The Reader Who Went Empty-Handed: Survival Analysis For Sellout Estimation

🕵How to model survivorship when time is negligible

Oliver Schreiber
Axel Springer Tech
5 min readJun 14, 2021

--

Joint work by Justin Neumann (Data Scientist, Marktanalyse @ Sales Impact) and Oliver Schreiber (Data Scientist, Marktanalyse @ Sales Impact).

Photo by Roman Kraft on Unsplash

At Axel Springer, Europe’s largest publishing house, and Sales Impact, its print- and sales-related subsidiary, we are always looking for opportunities to further quantify our business and derive value from newly generated insights. This is particularly important for the physical newspaper market, where demand is declining year on year and steady action is required to maximize sales. Today, we want to convince you of the value of a rather innovative approach: Using Survival Analysis for the sellout estimation of Axel Springer’s print media in the German market. The question we try to answer is the following: How many newspapers of a particular type would have still been sold at outlets where the newspaper went out of stock? The trick regarding Survival Analysis is that instead of the time dimension (which is not available for a walk-in purchase), we take any other suitable variable such as sales or price with the corresponding events happening to create our statistical model.

Firstly, we will generalise our approach with an easy-to-grasp example of Titanic fare prices and explain the proposed approach in full detail.
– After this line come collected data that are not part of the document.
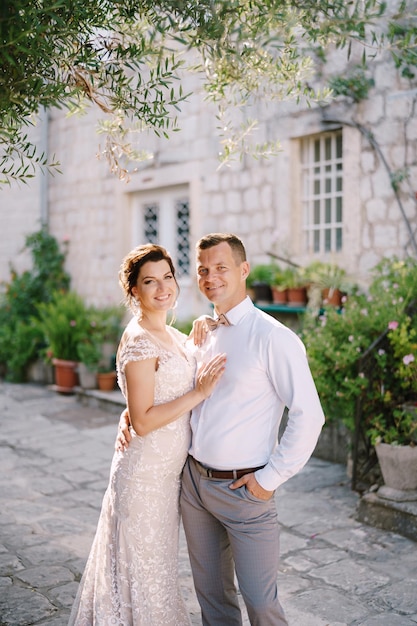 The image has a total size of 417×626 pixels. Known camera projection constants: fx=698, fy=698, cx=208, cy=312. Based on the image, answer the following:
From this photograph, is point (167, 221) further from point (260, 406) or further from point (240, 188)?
point (260, 406)

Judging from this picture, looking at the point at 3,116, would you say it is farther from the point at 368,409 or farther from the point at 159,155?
the point at 159,155

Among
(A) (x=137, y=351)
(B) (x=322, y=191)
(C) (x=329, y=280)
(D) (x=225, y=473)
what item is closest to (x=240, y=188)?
(B) (x=322, y=191)

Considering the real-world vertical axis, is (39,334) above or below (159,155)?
below

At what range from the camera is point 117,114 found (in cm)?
324

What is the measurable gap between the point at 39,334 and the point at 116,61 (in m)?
8.37

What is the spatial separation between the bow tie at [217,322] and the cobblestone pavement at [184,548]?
157 centimetres

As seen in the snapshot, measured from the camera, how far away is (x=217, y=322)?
2898mm

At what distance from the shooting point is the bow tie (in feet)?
9.35

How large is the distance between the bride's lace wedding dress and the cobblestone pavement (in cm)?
71

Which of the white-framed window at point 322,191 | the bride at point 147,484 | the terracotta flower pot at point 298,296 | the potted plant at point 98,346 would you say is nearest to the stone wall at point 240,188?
the white-framed window at point 322,191

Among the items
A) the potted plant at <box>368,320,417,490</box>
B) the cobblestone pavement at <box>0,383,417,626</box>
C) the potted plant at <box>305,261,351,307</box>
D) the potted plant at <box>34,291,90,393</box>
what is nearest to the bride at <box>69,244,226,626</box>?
the cobblestone pavement at <box>0,383,417,626</box>

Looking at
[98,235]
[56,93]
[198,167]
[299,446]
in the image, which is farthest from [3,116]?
[98,235]

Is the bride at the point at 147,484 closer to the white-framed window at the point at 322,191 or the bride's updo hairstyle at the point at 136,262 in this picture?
the bride's updo hairstyle at the point at 136,262

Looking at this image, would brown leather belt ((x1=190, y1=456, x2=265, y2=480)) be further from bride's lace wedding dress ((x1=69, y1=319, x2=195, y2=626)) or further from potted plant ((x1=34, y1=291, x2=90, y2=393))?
potted plant ((x1=34, y1=291, x2=90, y2=393)) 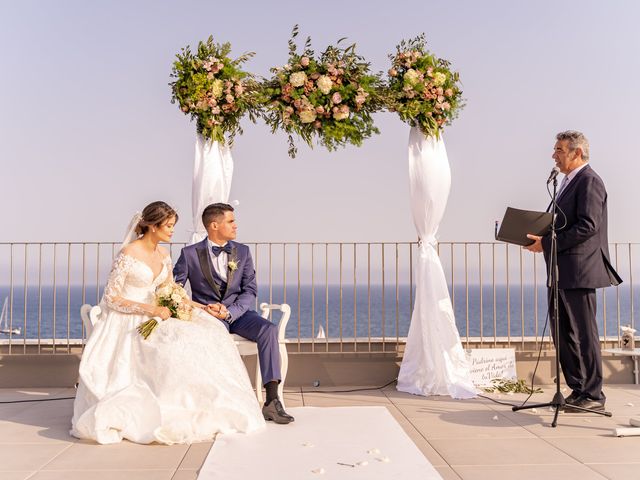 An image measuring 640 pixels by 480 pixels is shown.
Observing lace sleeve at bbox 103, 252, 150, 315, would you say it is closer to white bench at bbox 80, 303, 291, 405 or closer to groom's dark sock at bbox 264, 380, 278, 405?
white bench at bbox 80, 303, 291, 405

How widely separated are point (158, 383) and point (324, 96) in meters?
2.38

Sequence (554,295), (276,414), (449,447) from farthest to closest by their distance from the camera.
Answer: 1. (554,295)
2. (276,414)
3. (449,447)

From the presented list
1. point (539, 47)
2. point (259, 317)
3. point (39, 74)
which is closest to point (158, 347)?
point (259, 317)

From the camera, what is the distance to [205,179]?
480 centimetres

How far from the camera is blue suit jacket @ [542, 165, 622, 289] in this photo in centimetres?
386

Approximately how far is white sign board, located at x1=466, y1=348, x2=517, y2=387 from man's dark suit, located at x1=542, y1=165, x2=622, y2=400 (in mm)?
1035

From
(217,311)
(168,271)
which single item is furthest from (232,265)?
(168,271)

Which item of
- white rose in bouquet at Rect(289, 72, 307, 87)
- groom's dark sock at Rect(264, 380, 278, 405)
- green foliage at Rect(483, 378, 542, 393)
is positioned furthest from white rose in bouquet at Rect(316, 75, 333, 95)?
green foliage at Rect(483, 378, 542, 393)

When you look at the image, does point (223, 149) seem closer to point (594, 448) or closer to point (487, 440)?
point (487, 440)

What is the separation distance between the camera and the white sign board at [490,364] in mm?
4953

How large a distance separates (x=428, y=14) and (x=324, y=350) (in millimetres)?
4039

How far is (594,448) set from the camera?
3.09 m

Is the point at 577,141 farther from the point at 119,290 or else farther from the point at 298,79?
the point at 119,290

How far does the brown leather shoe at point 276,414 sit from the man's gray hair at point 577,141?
7.38 feet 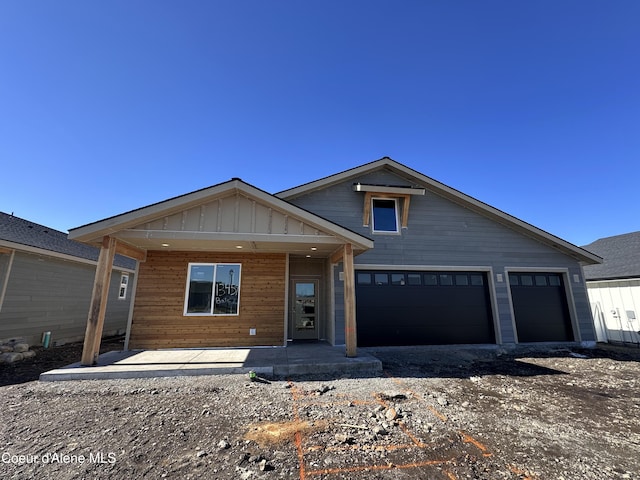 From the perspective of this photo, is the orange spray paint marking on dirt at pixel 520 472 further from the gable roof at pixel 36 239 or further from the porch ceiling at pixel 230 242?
the gable roof at pixel 36 239

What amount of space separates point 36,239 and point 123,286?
5.05 m

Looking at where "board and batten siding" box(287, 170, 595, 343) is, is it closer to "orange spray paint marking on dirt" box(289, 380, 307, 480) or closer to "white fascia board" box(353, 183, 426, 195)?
"white fascia board" box(353, 183, 426, 195)

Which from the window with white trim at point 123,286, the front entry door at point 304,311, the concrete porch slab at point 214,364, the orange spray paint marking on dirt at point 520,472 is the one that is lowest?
the orange spray paint marking on dirt at point 520,472

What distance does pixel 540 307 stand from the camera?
10.2m

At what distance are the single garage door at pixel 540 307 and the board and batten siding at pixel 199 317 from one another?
8.65 m

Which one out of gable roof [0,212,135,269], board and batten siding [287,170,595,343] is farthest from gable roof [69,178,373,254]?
gable roof [0,212,135,269]

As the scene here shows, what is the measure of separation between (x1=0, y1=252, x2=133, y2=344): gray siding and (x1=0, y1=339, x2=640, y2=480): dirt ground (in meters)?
3.69

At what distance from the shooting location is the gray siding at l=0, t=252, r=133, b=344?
28.2ft

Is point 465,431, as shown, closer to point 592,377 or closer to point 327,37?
point 592,377

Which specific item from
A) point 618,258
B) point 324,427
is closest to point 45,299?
point 324,427

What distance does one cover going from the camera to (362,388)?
205 inches

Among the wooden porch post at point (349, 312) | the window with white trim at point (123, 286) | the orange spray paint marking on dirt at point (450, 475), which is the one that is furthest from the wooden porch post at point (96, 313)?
the window with white trim at point (123, 286)

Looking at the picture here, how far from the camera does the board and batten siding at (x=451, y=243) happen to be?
31.6 feet

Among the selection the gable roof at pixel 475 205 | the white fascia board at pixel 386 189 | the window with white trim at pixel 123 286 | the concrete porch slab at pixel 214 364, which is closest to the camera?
the concrete porch slab at pixel 214 364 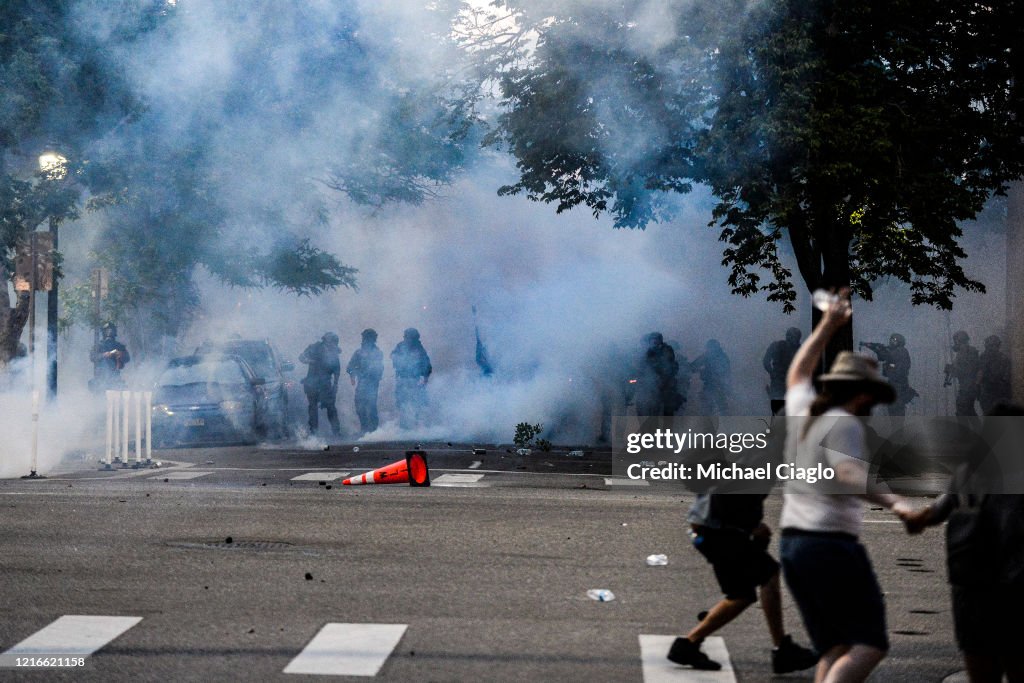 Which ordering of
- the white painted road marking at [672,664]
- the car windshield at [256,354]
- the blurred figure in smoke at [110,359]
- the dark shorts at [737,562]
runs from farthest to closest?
the blurred figure in smoke at [110,359] < the car windshield at [256,354] < the dark shorts at [737,562] < the white painted road marking at [672,664]

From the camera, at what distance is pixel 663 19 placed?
1670 cm

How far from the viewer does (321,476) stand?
15820 mm

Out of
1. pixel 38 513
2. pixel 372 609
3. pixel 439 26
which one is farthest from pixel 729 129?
pixel 372 609

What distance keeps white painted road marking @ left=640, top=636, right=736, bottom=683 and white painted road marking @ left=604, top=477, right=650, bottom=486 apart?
861 cm

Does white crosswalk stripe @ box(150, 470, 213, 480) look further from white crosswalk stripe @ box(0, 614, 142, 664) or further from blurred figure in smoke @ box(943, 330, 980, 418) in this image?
blurred figure in smoke @ box(943, 330, 980, 418)

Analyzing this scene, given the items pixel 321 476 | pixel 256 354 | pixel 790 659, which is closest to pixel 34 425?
pixel 321 476

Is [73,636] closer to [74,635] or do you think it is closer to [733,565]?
[74,635]

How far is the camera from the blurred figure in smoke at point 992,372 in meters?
21.6

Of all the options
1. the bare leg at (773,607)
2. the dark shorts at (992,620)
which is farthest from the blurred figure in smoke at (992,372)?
the dark shorts at (992,620)

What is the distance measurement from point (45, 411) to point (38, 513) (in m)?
11.4

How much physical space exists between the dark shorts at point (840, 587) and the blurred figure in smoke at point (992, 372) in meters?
17.7

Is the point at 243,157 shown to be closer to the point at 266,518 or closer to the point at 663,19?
the point at 663,19

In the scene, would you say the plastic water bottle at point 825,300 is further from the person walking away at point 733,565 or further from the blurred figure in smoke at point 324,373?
the blurred figure in smoke at point 324,373

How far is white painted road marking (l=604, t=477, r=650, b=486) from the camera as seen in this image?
1568 centimetres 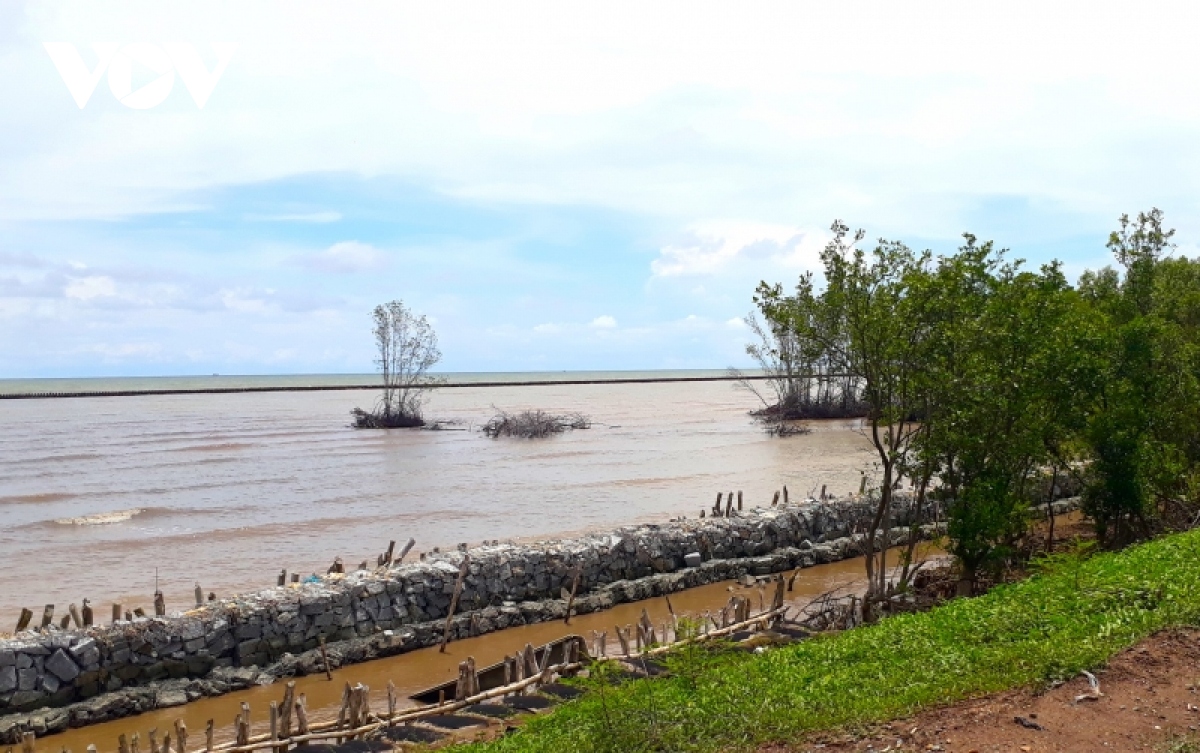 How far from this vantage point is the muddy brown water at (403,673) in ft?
39.3

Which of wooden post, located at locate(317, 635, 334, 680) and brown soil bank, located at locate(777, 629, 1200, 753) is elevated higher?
brown soil bank, located at locate(777, 629, 1200, 753)

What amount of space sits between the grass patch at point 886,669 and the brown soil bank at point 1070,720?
0.22m

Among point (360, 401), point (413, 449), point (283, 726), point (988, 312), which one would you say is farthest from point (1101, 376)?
point (360, 401)

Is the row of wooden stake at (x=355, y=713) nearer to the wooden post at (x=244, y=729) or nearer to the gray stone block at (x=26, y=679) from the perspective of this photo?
the wooden post at (x=244, y=729)

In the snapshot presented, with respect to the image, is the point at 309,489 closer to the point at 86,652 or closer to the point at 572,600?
the point at 572,600

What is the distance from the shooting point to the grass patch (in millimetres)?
7715

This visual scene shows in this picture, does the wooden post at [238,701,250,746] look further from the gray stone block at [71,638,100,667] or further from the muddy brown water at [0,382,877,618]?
the muddy brown water at [0,382,877,618]

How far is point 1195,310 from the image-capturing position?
20.1 metres

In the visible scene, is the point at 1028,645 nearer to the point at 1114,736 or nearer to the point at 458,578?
the point at 1114,736

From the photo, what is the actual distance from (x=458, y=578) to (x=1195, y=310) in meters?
16.5

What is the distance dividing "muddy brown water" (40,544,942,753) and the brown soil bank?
7.21 meters

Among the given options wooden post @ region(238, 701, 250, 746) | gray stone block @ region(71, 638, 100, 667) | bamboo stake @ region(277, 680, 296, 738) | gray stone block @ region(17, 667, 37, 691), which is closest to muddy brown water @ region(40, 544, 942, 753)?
gray stone block @ region(17, 667, 37, 691)

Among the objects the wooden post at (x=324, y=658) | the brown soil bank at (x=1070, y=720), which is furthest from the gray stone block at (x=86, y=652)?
the brown soil bank at (x=1070, y=720)

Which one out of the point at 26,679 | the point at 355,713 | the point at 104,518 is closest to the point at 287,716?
the point at 355,713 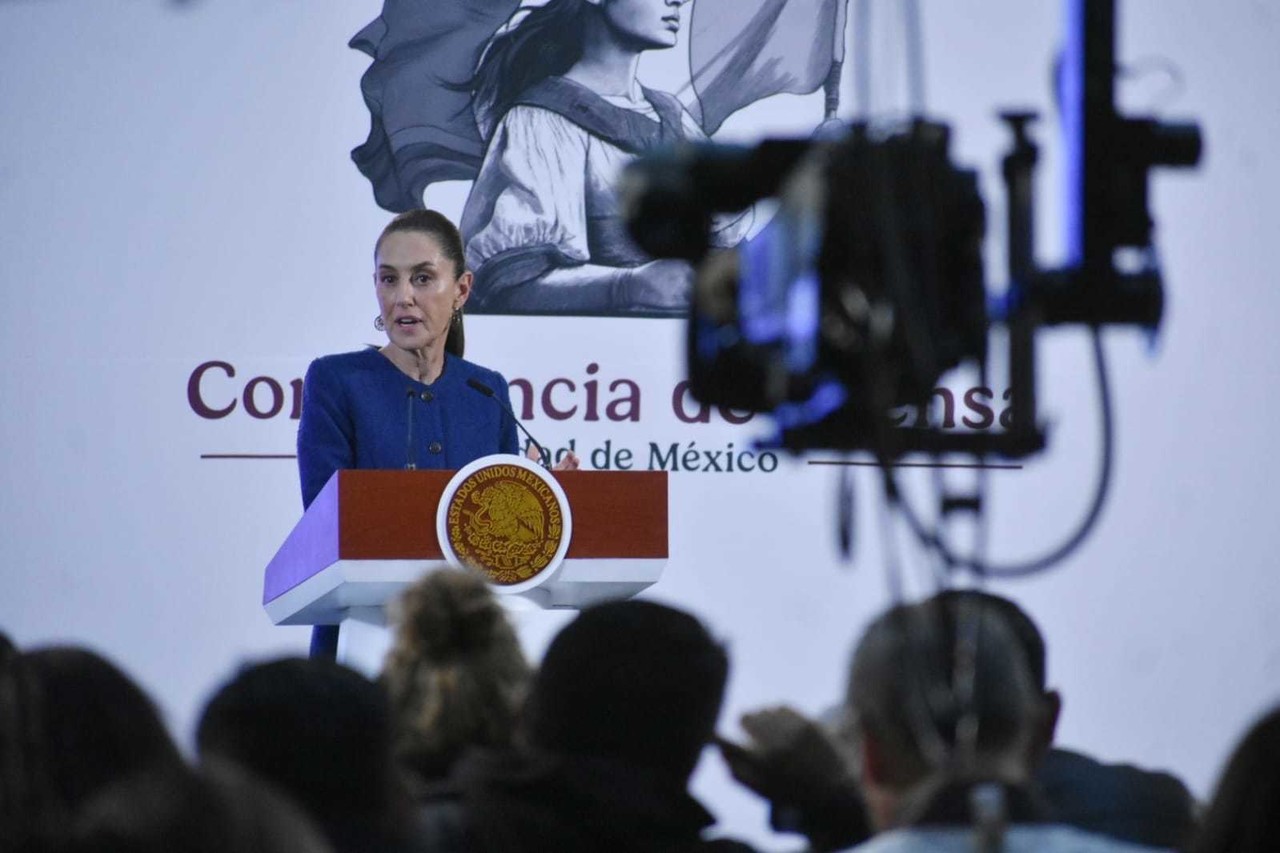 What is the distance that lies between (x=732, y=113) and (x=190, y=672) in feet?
6.58

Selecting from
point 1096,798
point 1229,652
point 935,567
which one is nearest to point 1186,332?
point 1229,652

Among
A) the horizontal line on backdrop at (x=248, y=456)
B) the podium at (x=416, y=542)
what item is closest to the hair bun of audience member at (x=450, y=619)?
the podium at (x=416, y=542)

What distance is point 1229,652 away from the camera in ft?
16.0

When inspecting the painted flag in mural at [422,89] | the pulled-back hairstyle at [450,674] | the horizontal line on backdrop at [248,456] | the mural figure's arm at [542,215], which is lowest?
the pulled-back hairstyle at [450,674]

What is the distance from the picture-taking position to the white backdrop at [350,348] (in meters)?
4.54

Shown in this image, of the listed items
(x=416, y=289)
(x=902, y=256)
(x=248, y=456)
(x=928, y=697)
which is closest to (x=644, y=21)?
(x=416, y=289)

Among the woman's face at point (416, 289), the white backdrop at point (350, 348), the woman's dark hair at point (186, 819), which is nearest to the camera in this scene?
the woman's dark hair at point (186, 819)

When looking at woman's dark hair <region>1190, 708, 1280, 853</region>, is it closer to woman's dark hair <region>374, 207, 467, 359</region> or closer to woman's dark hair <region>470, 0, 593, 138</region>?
woman's dark hair <region>374, 207, 467, 359</region>

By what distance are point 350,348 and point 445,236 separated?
91 centimetres

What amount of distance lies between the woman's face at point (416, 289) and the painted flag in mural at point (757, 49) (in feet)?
4.08

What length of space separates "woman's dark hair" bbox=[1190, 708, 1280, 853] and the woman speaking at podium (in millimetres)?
2344

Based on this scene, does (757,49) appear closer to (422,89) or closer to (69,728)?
(422,89)

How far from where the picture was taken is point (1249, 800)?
3.55 feet

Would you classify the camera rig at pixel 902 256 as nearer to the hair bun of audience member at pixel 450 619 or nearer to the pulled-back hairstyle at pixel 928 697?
the pulled-back hairstyle at pixel 928 697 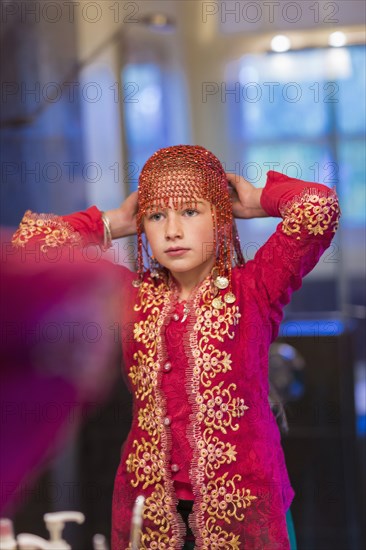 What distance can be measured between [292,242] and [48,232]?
484 millimetres

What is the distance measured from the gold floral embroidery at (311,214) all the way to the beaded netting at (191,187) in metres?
0.11

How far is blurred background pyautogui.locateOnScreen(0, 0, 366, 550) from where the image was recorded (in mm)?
2305

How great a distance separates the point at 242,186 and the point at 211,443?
492 mm

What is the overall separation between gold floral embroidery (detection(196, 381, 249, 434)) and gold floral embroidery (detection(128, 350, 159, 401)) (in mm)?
94

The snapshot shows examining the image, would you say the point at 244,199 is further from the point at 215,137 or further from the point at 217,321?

Eventually, we reflect on our media business application to some extent and stress out the approach’s importance for our market oversight. Let’s begin…

Fare well, time! Hello, unknown.

How much fare should you have paid in order to survive the infamous Sinking of the Titanic (1912)? There are hardly any timestamps available from back then. Still, we can produce the following plot:

We see a clear relationship between survival and fare spent. You may have realised that the survivorship increases the higher the fare (which makes sense in this case). Usually, survivorship would only decrease with the number of (negative) events happening, and so we had to transform the calculated baseline (literally the “death quota”) to receive this plot above. Also we only have used very limited data in this example, namely one observation per individual.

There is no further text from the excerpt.